Universal’s The Mummy’s Hand was not a creative decision, instead, it was simply an economic one as both Son of Frankenstein and The Invisible Man Returns had proved to be financial windfalls so an attempt to reap the same benefits out of another Mummy movie must have seemed like the obvious choice, now, this is not to say that the studio risked much as this “not quite a sequel” was given a meagre budget of $80,000 dollars and with a script that was thinner than a mummy’s bandage and it’s clear that not much effort was put into the production. The Mummy’s Hand also introduced the whole “Tana leaves” piece of mythology and unlike the Karloff film this version of the Mummy would remain bandaged and shambling throughout the movie’s running time, unfortunately, in the case of this film he only shows up for the last act and aside from his creepy appearance Kharis comes across about as threatening as a snooty French waiter.

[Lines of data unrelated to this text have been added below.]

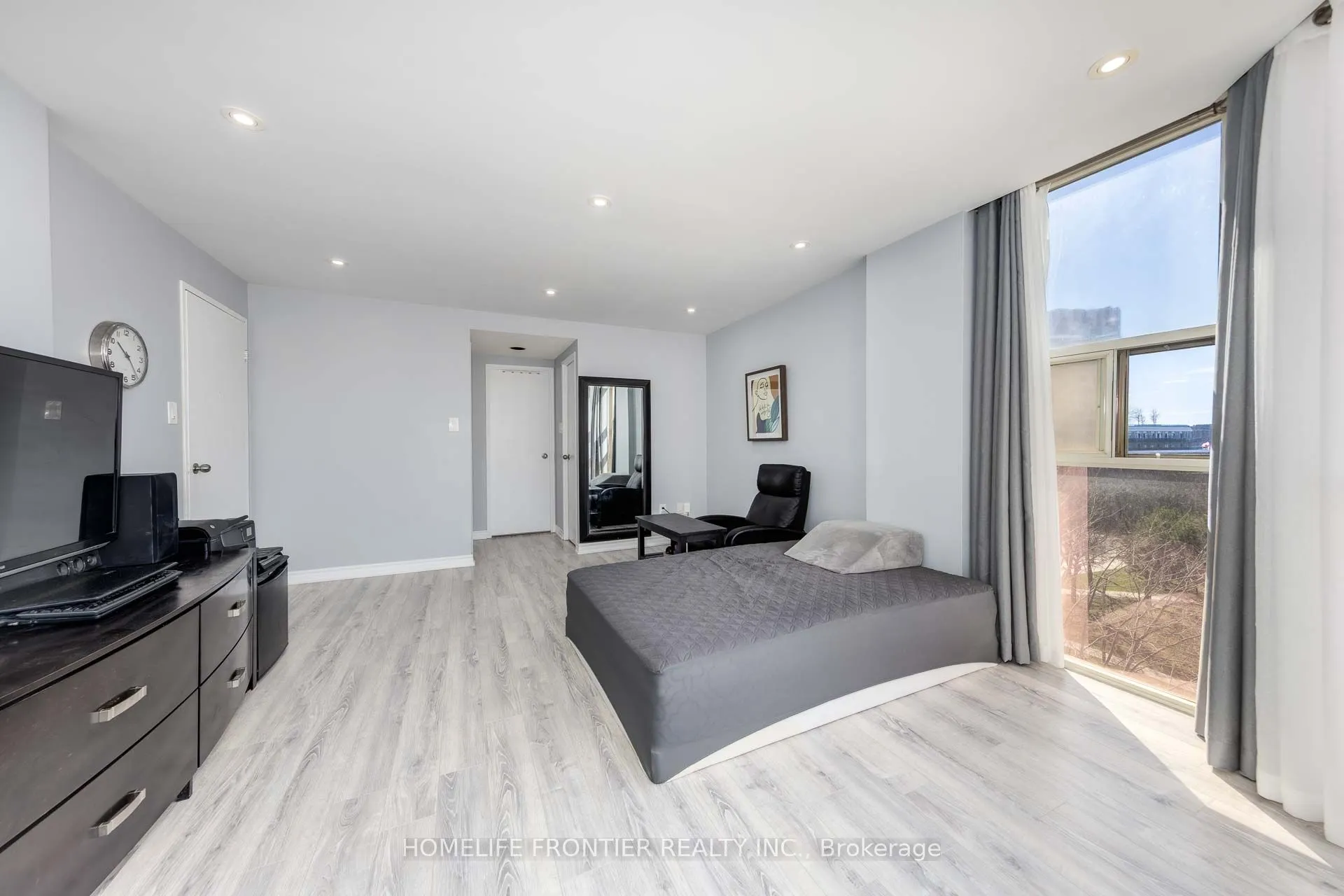 20 Baif Boulevard, #704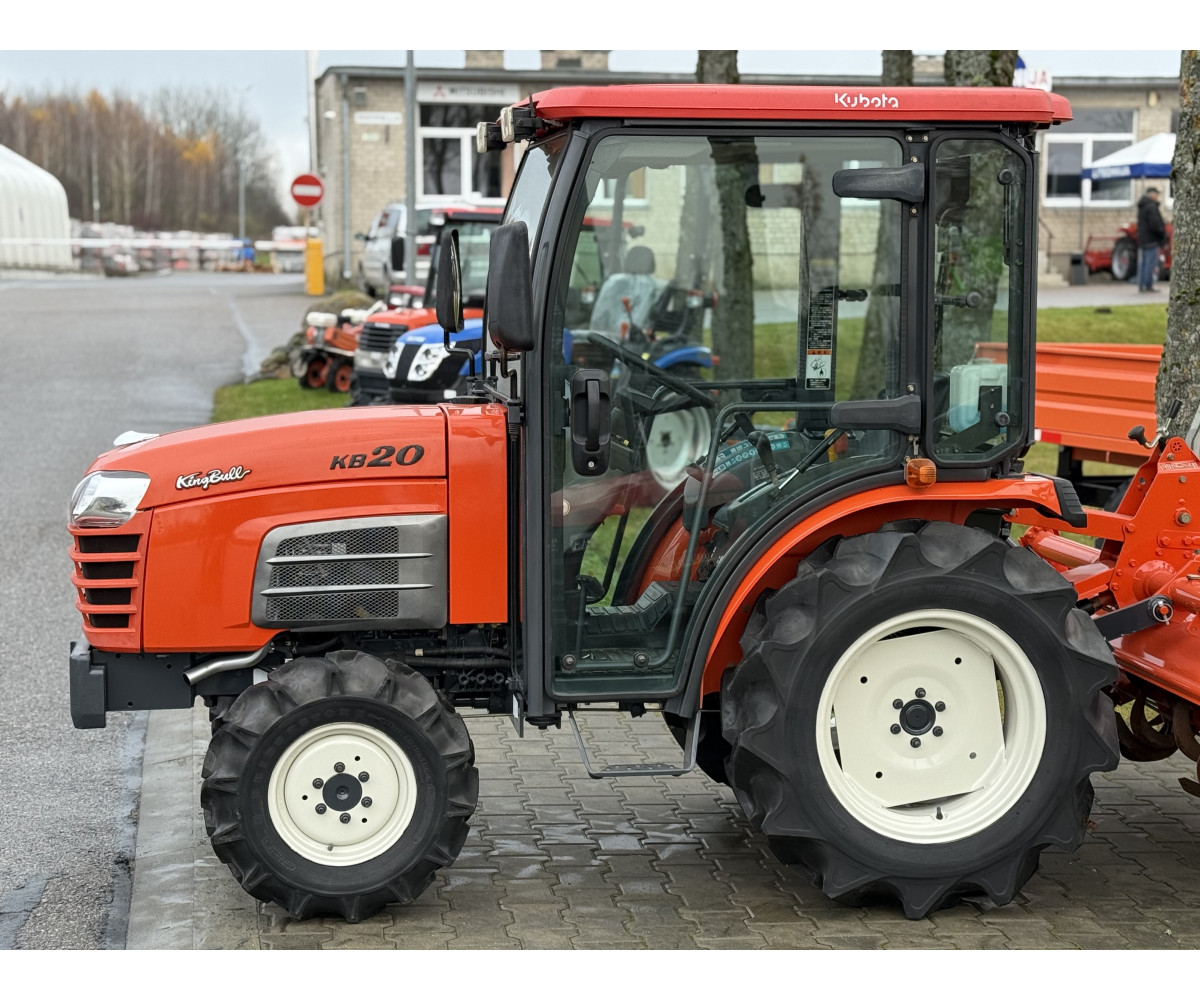 Kubota KB-20 su žemės dirbimo freza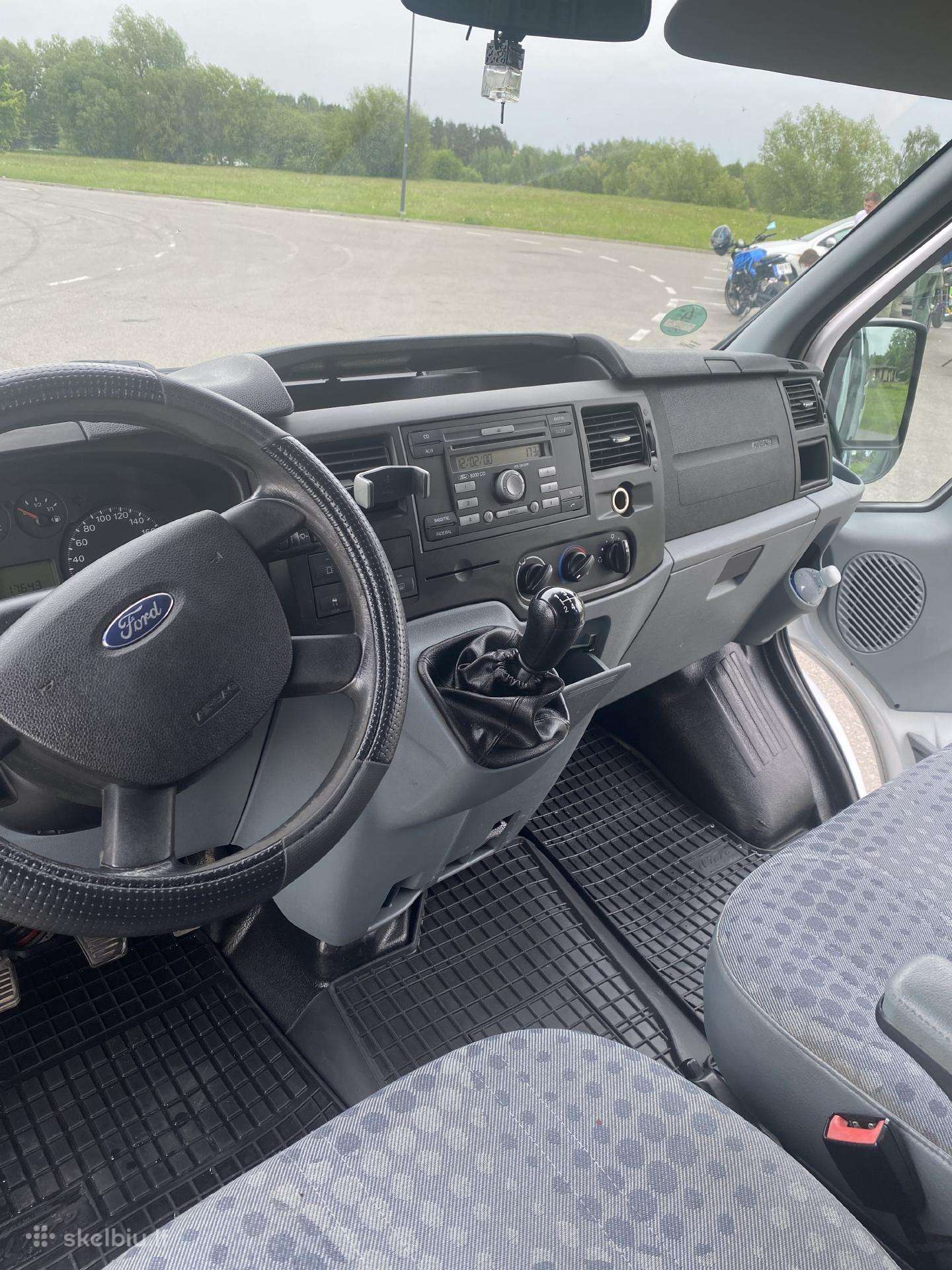 Ford Transit, keleivinis mikroautobusas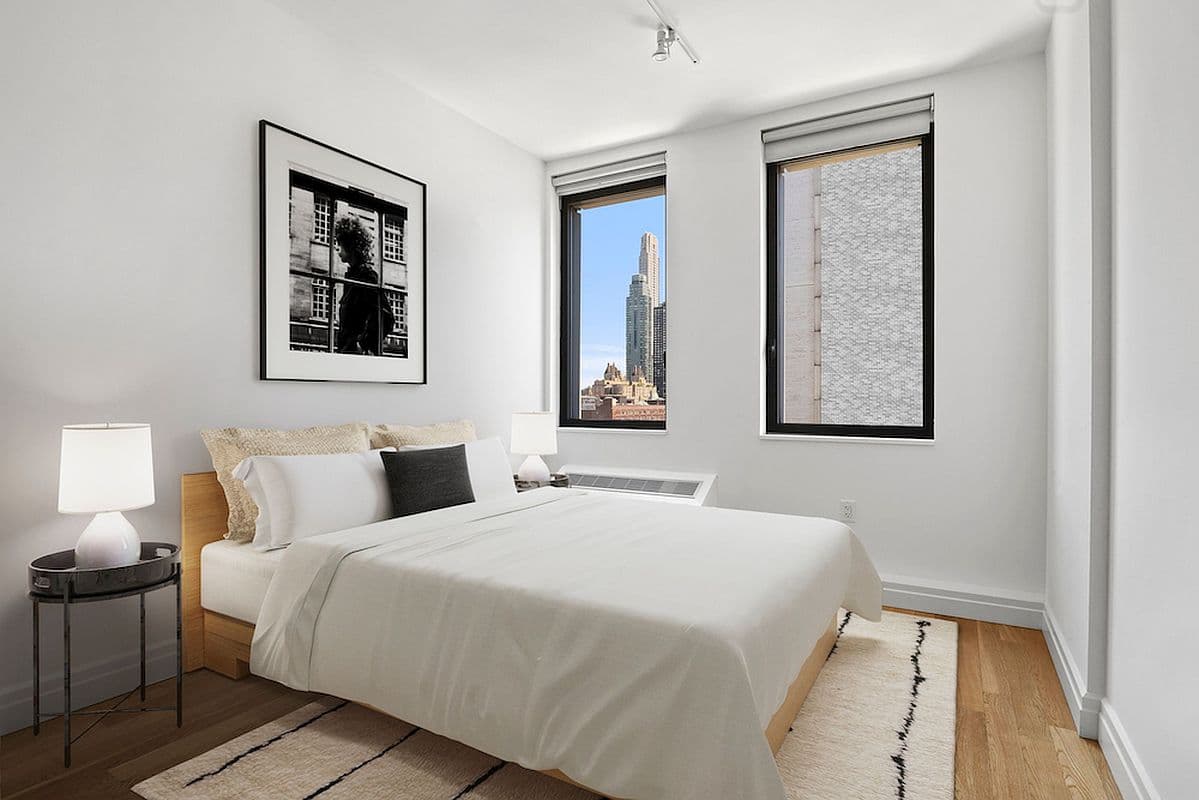 5 Manhattan no-fee one-bedroom rentals with free months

I’ll concede that the makeup used to turn Tom Tyler into the Mummy was reasonably effective but his limited screentime is a big negative and then there is Dick Foran as the hero whose previous cinematic roles leaned more towards singing cowboys than horror entries and he is a bit of a wash here, most of the entertainment found in this film stems from the ever charming Cecil Kellaway and the comedic antics of Wallace Ford, in fact, Ford’s character is the one to actually kill the evil high priest and he even saves his pal from the Mummy’s clutches, so maybe he was the hero after all. Basically, this film does not come off favourably when compared to the 1932 classic but as a 67-minute oddity, it does have its appeal and is worth checking out if you are a fan of the Universal Monsters.
You can check out my other reviews here: Universal Classic Monsters: A Cinematic World of Horror.
The Mummy's Hand (1940)
Movie Rank - 6/10
This half-assed reboot of The Mummy franchise has some interesting ideas and expands on the mythology but with the monster not showing up until the last act and a plot that looks lifted from an RKO serial it’s a more interesting oddity than being a memorable edition to the Universal Monsters.